1. Narren-News
  2. Bad Honnef

Auf den Lippen verführerisches Rot

Auf den Lippen verführerisches Rot

Die Fidelen Freunde Postalia bescheren dem Königswinterer Karneval mit Wilhelmine I. erstmals nach 25 Jahren wieder eine Jungfrau - Hans-Willi Schwarz backt im Alltag Puddingteilchen - Kleid gehört Johanna I.

Königswinter. Behutsam trägt Anja Schwarz die Make up-Grundierung auf. Sie überpudert alles und gibt einen kräftigen Schuss Rouge auf die Wangen. Den blauen Lidschatten wählt sie passend zum blau-gelben Kleid, die vollen Lippen schminkt sie in verführerischem Rot.

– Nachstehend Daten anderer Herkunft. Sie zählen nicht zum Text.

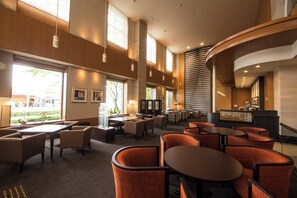 A spacious hotel lobby with multiple seating areas, large windows, and a curved reception desk.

Dann setzt sie ihrem Mann Hans-Willi die blonde Zopfperücke auf: "Du ziehst vorne." Hans-Willi Schwarz hat die ganze Zeit brav stillgehalten und sich während der Prozedur im Badezimmer zusehends in sein karnevalistisches alter ego verwandelt: Wilhelmine I., Jungfrau im Dreigestirn der Königswinterer Altstadt.

Dass er sich von seiner Ehefrau mal die Schminkutensilien und Seidenstrumpfhosen ausleihen würde, hat sich der 44-jährige Konditormeister sehr wohl träumen lassen. Als Wilhelmine mit der "Decken Musik" in pulsierende Narrentempel einzuziehen und Königswinter nach einem Vierteljahrhundert erstmals wieder zu einer holden Jungfrau zu verhelfen, diese Vision hatte der Oberdollendorfer schon lange.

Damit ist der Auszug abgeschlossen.